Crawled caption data
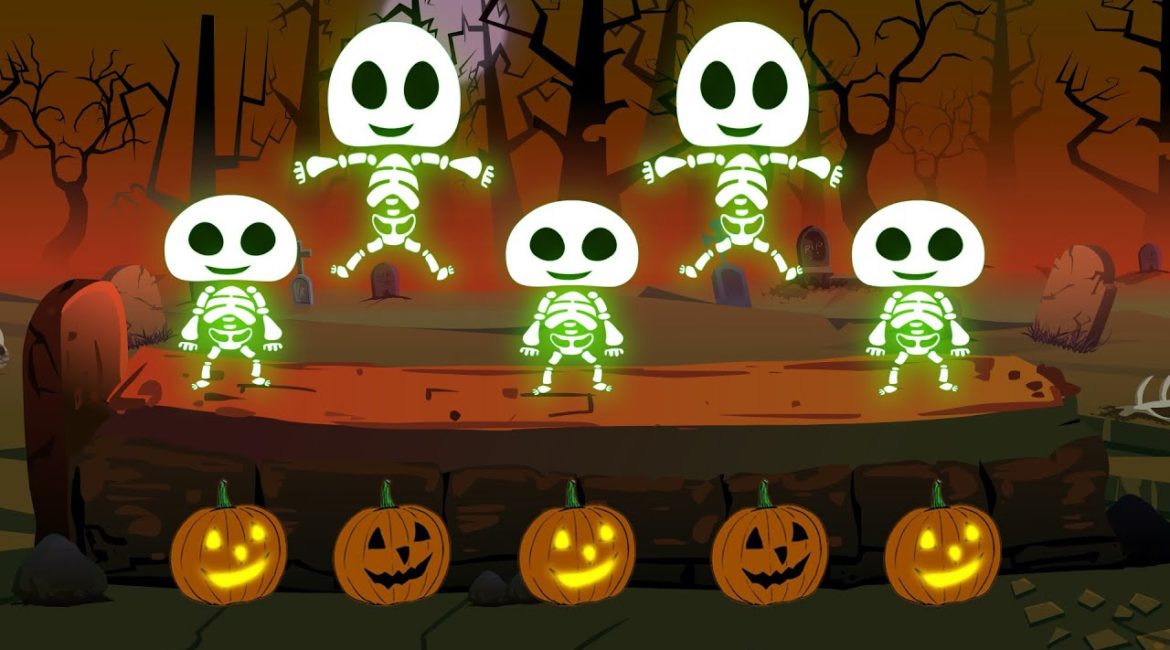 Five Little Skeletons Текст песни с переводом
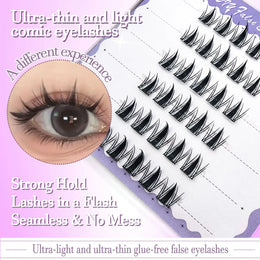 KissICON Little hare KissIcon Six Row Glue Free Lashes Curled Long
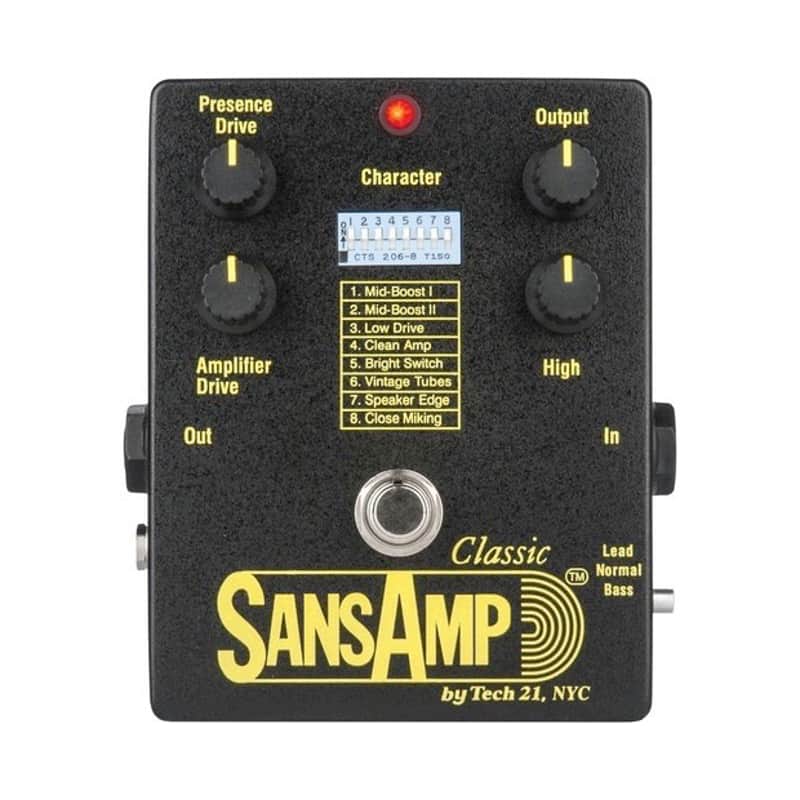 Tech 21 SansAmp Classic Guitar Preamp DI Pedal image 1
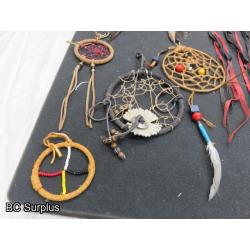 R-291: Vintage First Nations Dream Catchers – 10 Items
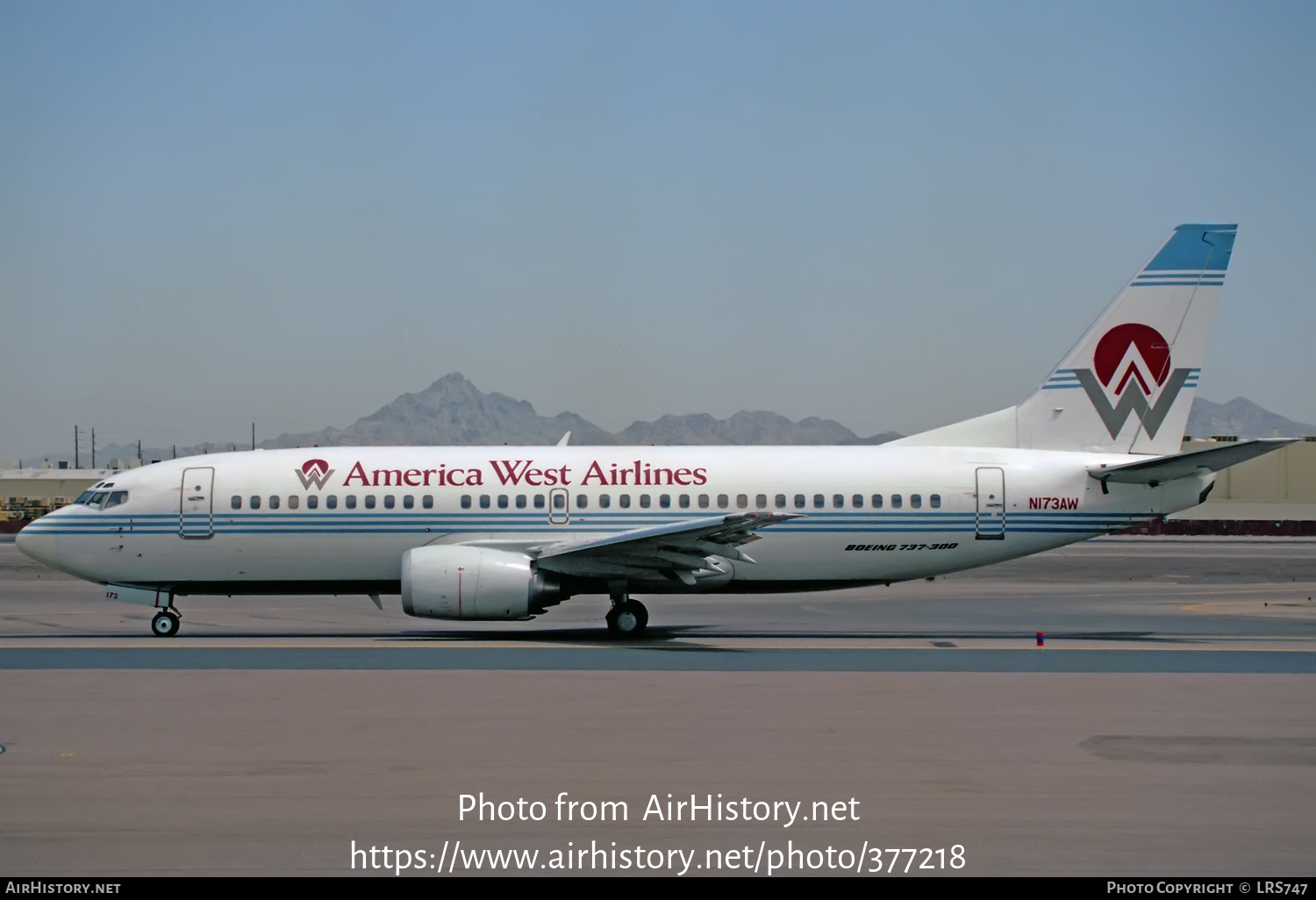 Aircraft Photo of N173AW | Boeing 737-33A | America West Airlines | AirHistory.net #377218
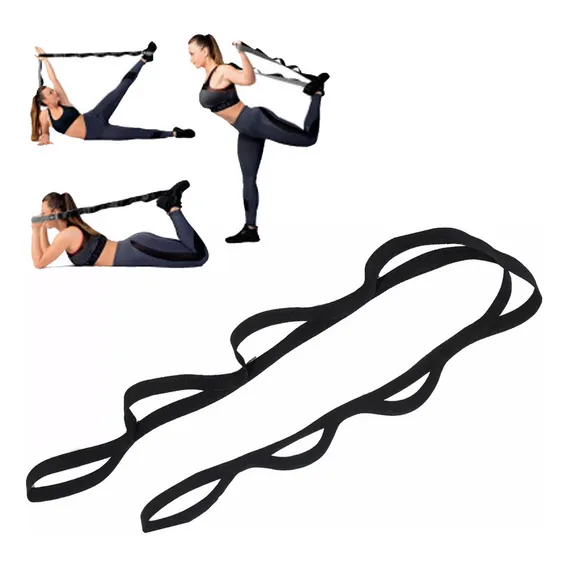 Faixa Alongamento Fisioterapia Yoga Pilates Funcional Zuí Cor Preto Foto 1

Your task: The line that contains "Tech 21 SansAmp" opens the part to copy, and the last line of the records closes it; set down those lines exactly, pictures excluded.

Written response:
 Tech 21 SansAmp Classic Guitar Preamp DI Pedal image 1
 R-291: Vintage First Nations Dream Catchers – 10 Items
 Aircraft Photo of N173AW | Boeing 737-33A | America West Airlines | AirHistory.net #377218
 Faixa Alongamento Fisioterapia Yoga Pilates Funcional Zuí Cor Preto Foto 1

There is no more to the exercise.